TORNEIRAS – Bárbara Seabra

TORNEIRAS – 

 A torneira começou a pingar. Precisamos trocá-la, Flávio me fala. Verdade… Achei que seria uma tarefa fácil. Não a troca, mas a escolha. Fomos a uma loja de material de construção e nos indicaram o corredor das torneiras. Que bobagem, pensei. Um corredor só para torneiras? Estava enganada. Na verdade eram dois corredores e a minha ilusão de que fosse simples escolher uma substituta para a nossa foi, literalmente, por água abaixo.

Olhávamos uma por uma e, de repente, chegamos à conclusão que precisávamos fotografá-las. Já não me lembrava mais quais as vantagens desta ou daquela. Alguns minutos para cá e para lá e, finalmente fomos para o caixa. Já tínhamos a escolhida! Saímos felizes da loja, carregando nossa nova aquisição quando me dou conta que alguém deve fazer o serviço de troca. Quem?

– Eu, claro!  – Flávio me responde prontamente.

Começam meus devaneios, onde penso em qual momento nos tornamos adultos e as compras de coisas assim nos enchem de felicidade. Quando recém-casados, recém-formados e recém-chegados a uma cidade estranha para começarmos nossa vida a dois, passamos meses comparando modelos e preços de sofás. Não eram de couro, nem de dez lugares. Na verdade, um sofá-cama que abrigou várias visitas natalenses que recebemos ao longo dos nossos quatro anos distantes da família e amigos. O dinheiro era curto e qualquer compra desta proporção se tornava um evento! Foi isso com o sofá, a estante de arame e o som para tocar nossas fitas cassete e CDs.

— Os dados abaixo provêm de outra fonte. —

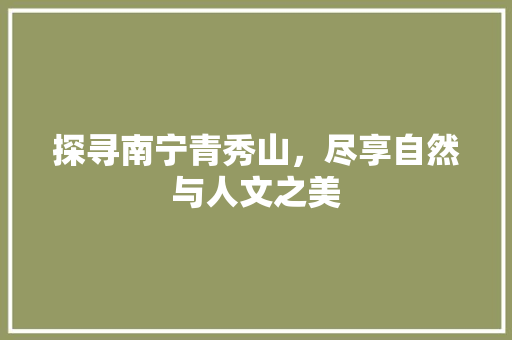 探寻南宁青秀山，尽享自然与人文之美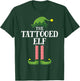 Tattooed Elf Matching Family Group Christmas Party Pyjamas T-Shirt - T-Shirt | Forest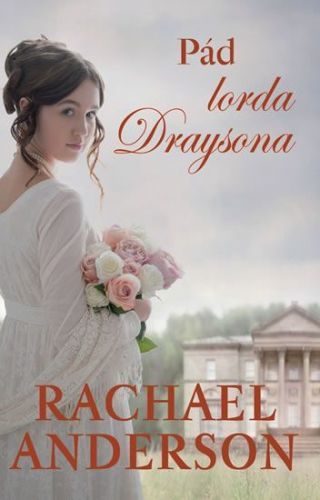 Anderson Rachael: Pád Lorda Draysona
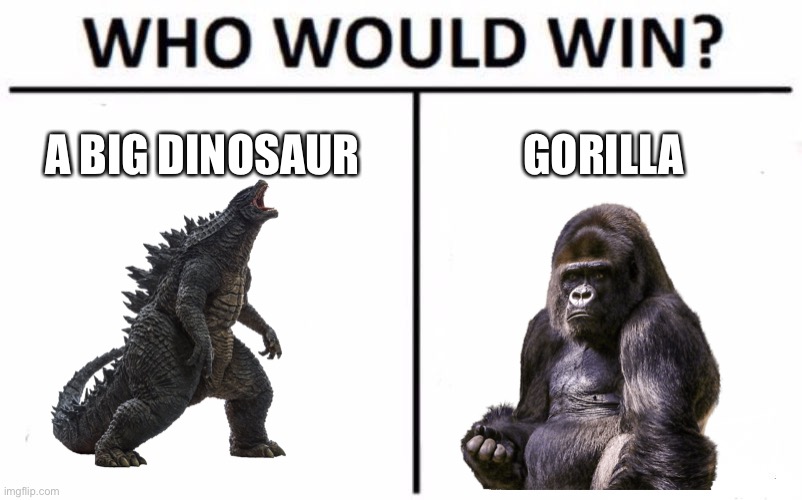 Gorilla go ooh ooh | A BIG DINOSAUR; GORILLA | image tagged in memes,who would win,gorilla | made w/ Imgflip meme maker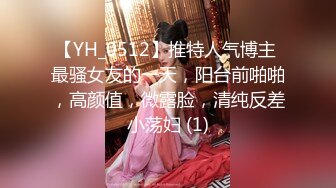 【YH_0512】推特人气博主 最骚女友的一天，阳台前啪啪，高颜值，微露脸，清纯反差小荡妇 (1)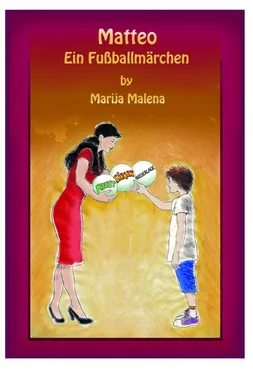marija malena Matteo - Ein Fußballmärchen обложка книги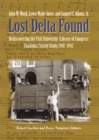Image for Lost Delta found  : rediscovering the Fisk University-Library of Congress Coahoma County folklore project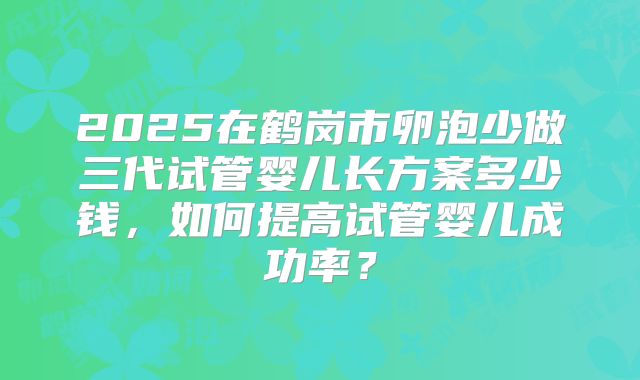2025在鹤岗市卵泡少做三代试管婴儿长方案多少钱，如何提高试管婴儿成功率？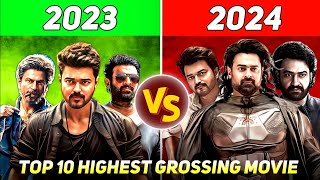 2023 VS 2024 Top 10 HIGHEST EARNING 💰 Movies  The Greatest of All Time Kalki2898ad Stree2 [upl. by Iturk]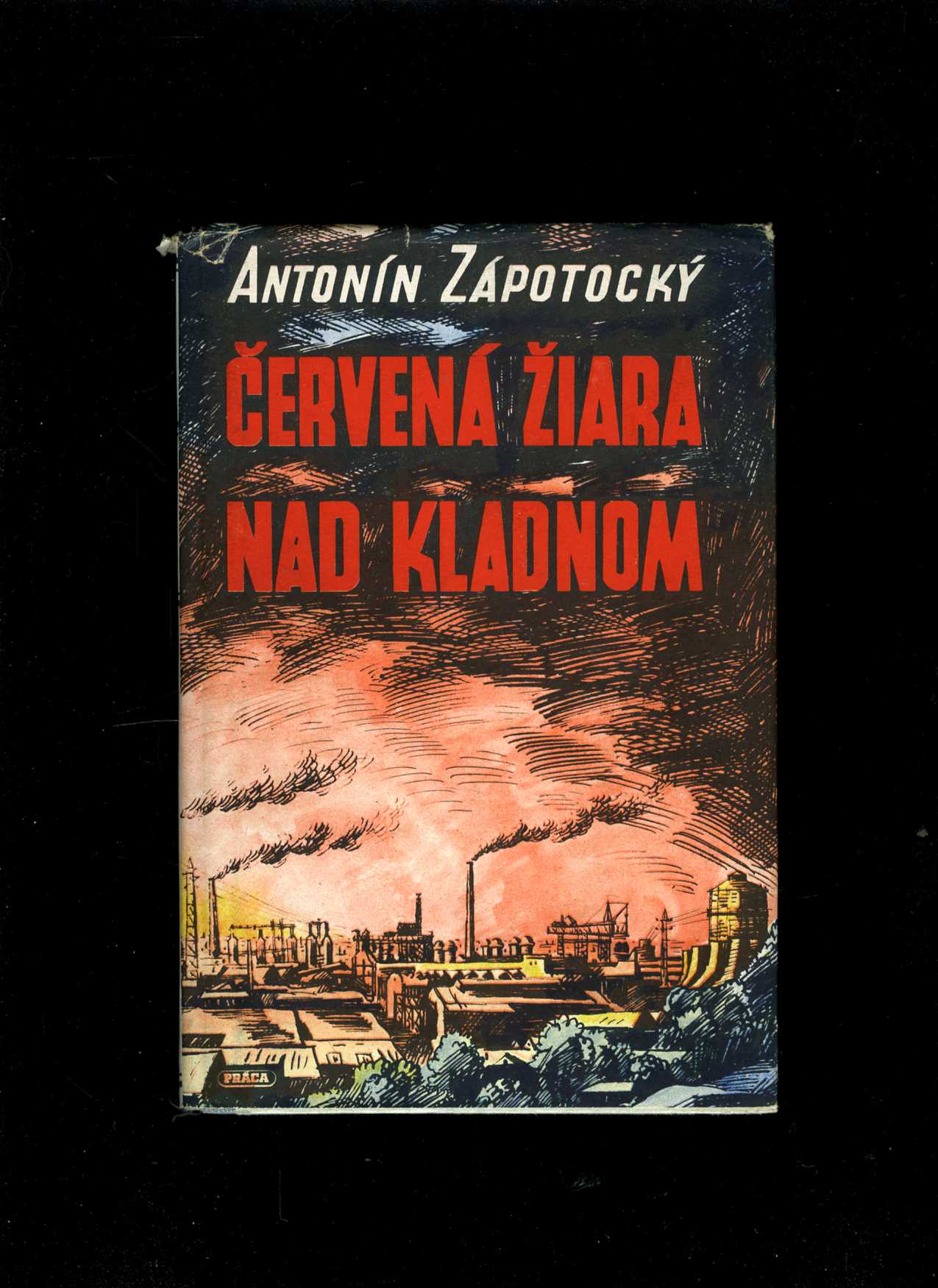 Červená žiara nad Kladnom (Antonín Zápotocký)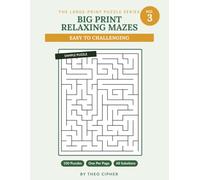 Big Print Relaxing Mazes: No. 3 - 100 Large Print Mazes for Adults & Seniors, Easy to Challenging, with Complete Solutions (big print mazes)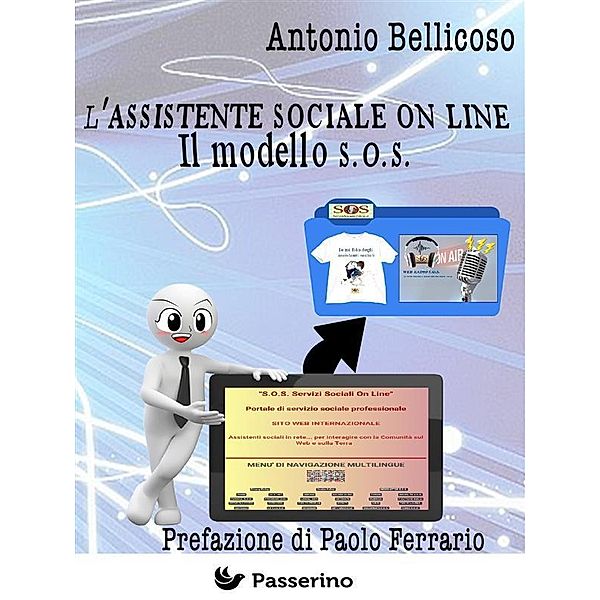 L'assistente sociale online, Antonio Bellicoso
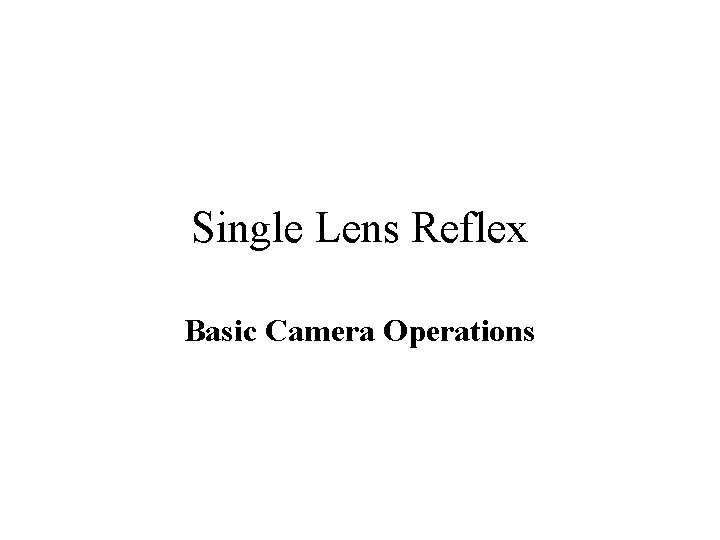 Single Lens Reflex Basic Camera Operations 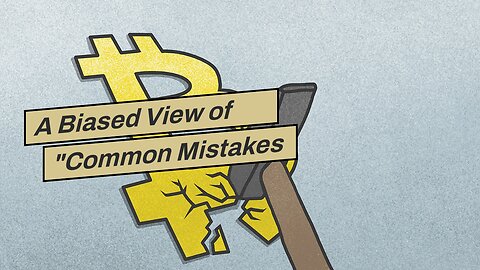 A Biased View of "Common Mistakes to Avoid When Investing in Bitcoin"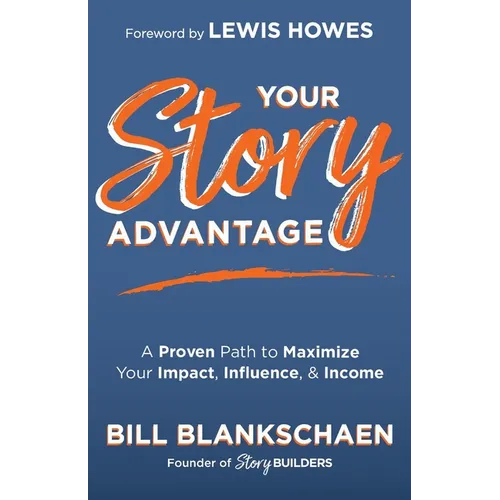 Your Story Advantage: A Proven Path to Maximize Your Impact, Influence, & Income - Paperback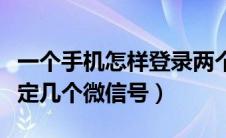 一个手机怎样登录两个微信（一个手机号能绑定几个微信号）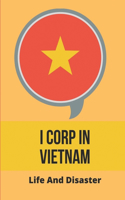 I Corp In Vietnam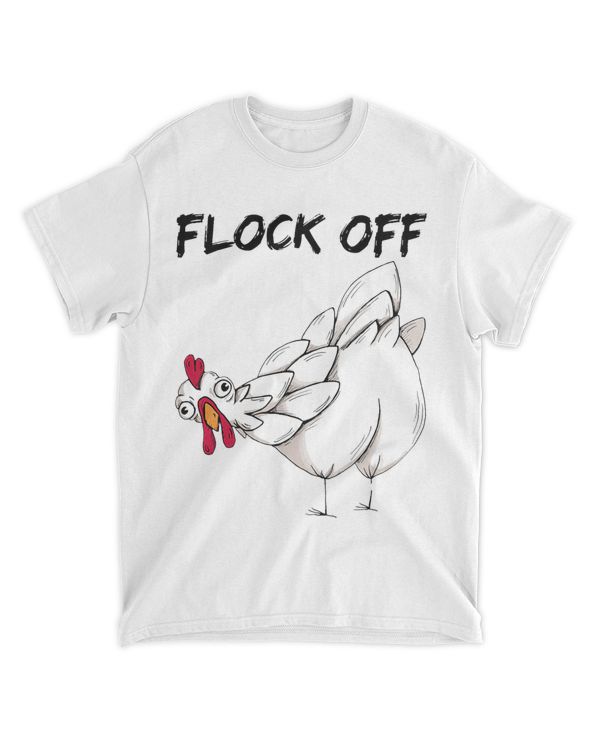 Farm Animal Sarcastic Flock Off Chicken Graphic Funny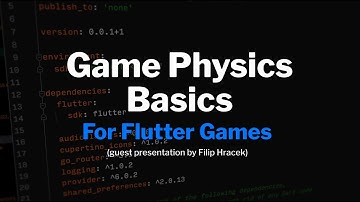 Game physics basics (for Flutter games)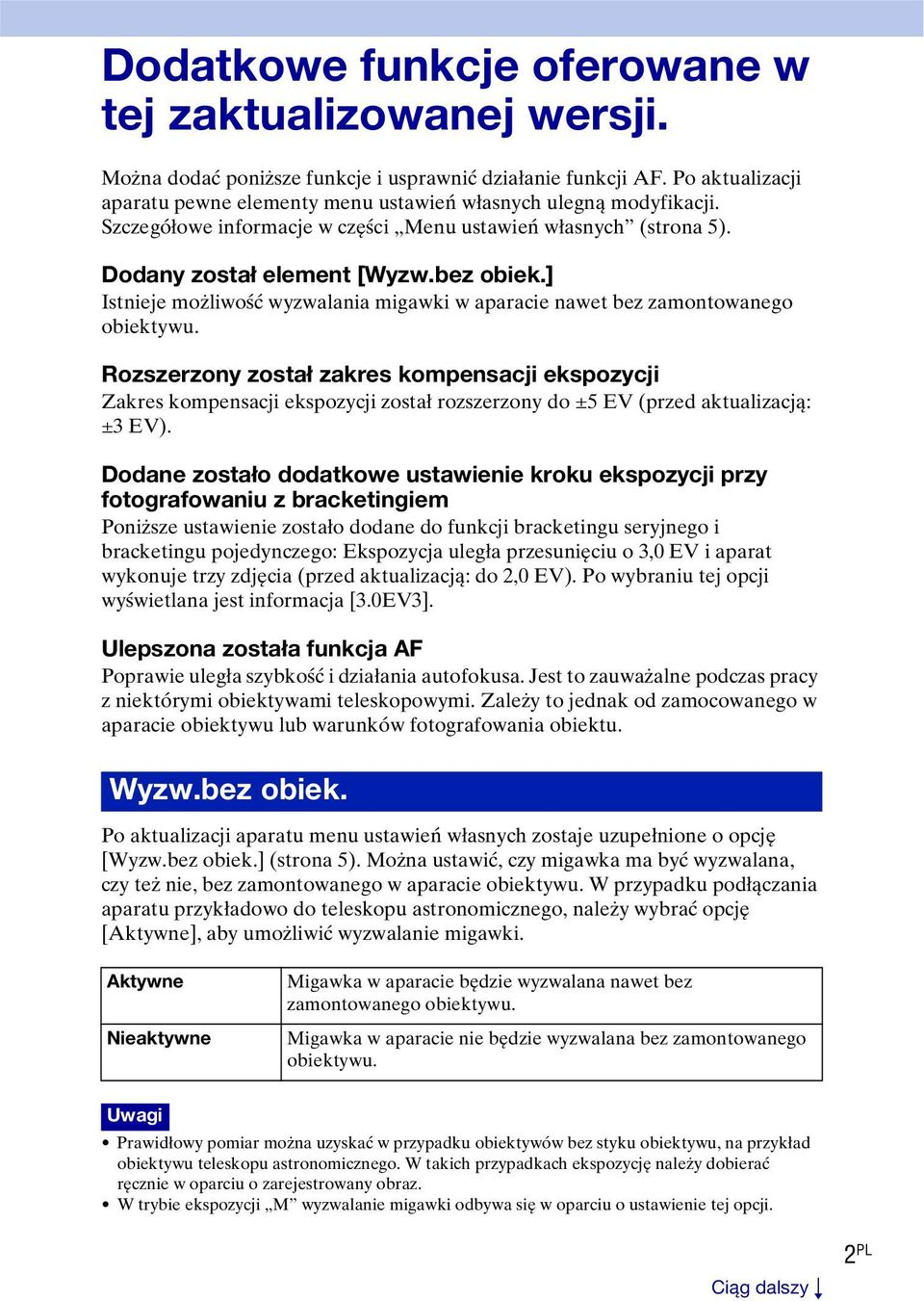 ] Istnieje możliwość wyzwalania migawki w aparacie nawet bez zamontowanego obiektywu.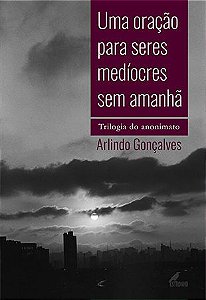 UMA ORAÇÃO PARA SERES MEDÍOCRES SEM AMANHÃ - TRILOGIA DO ANONIMATO - Arlindo Gonçalves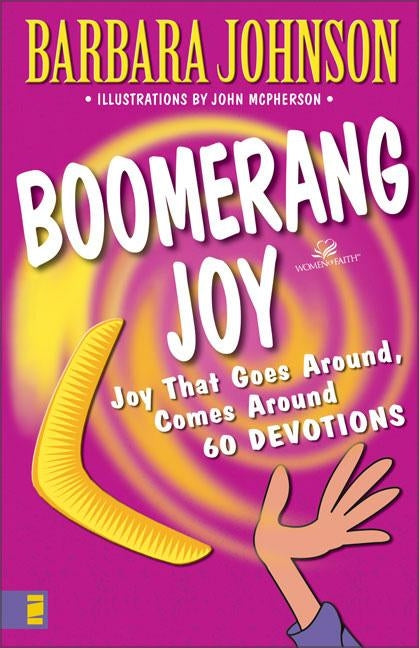 Boomerang Joy: Joy That Goes Around, Comes Around by Johnson, Barbara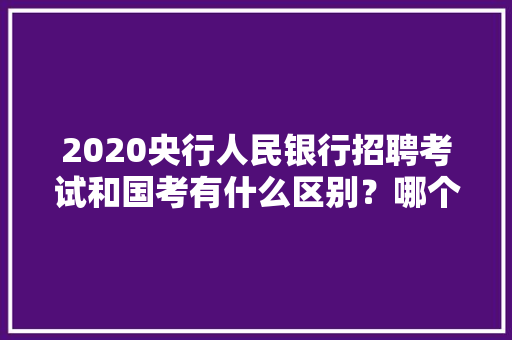 2020央行人民银行招聘考试和国考有什么区别？哪个难度更高，公务员实词辨析题库 专业填报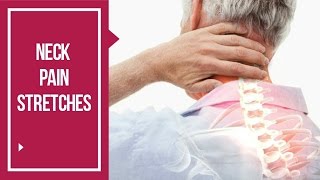 Stretches for Neck Pain (Shown By St. Joseph, MI Chiropractor)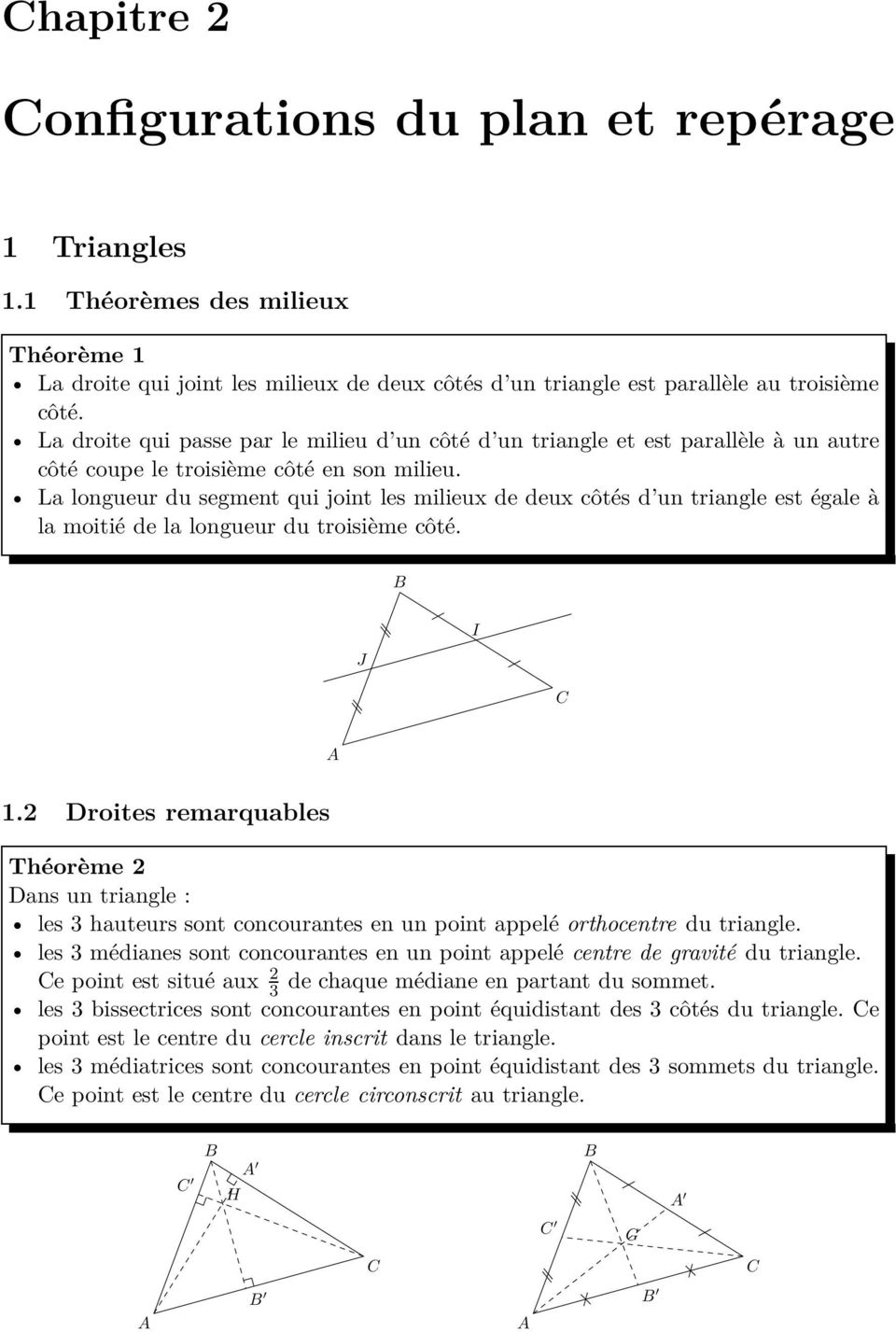 La longueur du segment qui joint les milieux de deux côtés d un triangle est égale à la moitié de la longueur du troisième côté. 1.
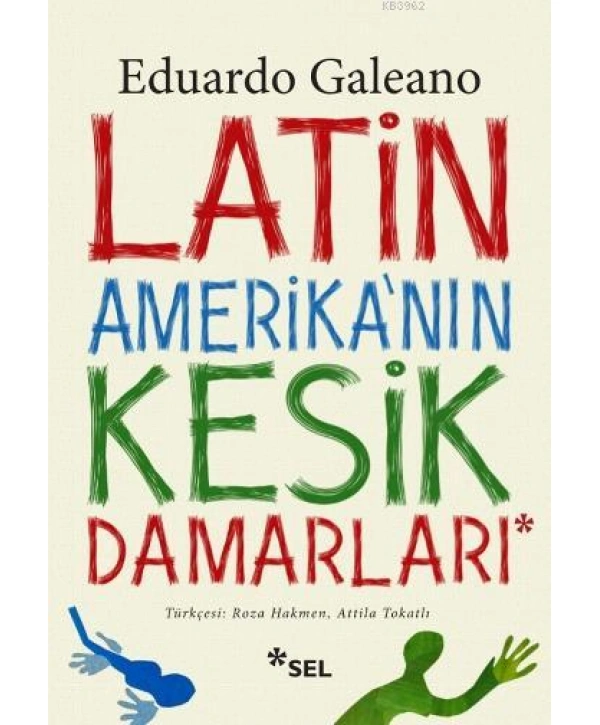 Latin Amerikanın Kesik Damarları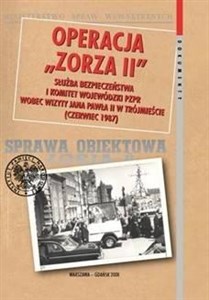 Picture of Operacja Zorza Wizyta papieża Jana Pawła II w Katowicach w 1983 roku w dokumentach Służby Bezpieczeństwa.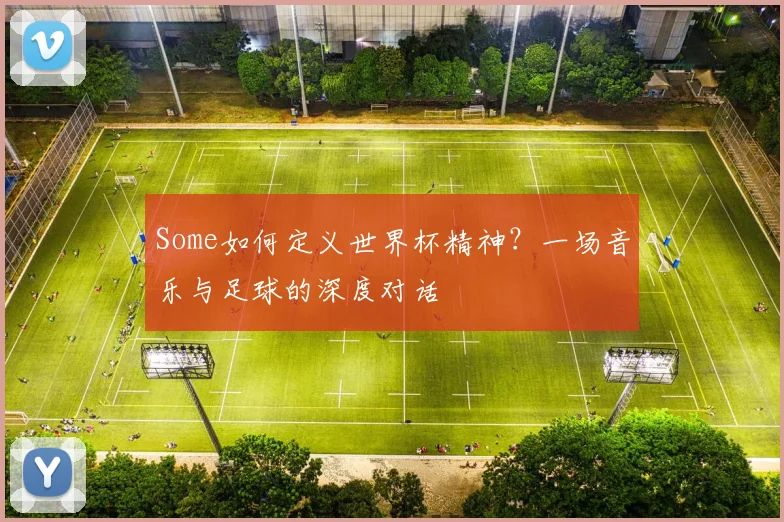 Some如何定义世界杯精神？一场音乐与足球的深度对话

Sua coleção de Beatles e Pink Floyd, e a minha de Marisa Monte e MPB. Hoje, suas músicas são as minhas também e de nossos filhos, que mesmo dizendo que Legião Urbana é para “essa geração aí de vocês” e para “alternativos”, tocam e cantam ‘Será’ e ‘Pais e Filhos’. Prova que estão errados. Eles só entenderão depois… Quando forem pais…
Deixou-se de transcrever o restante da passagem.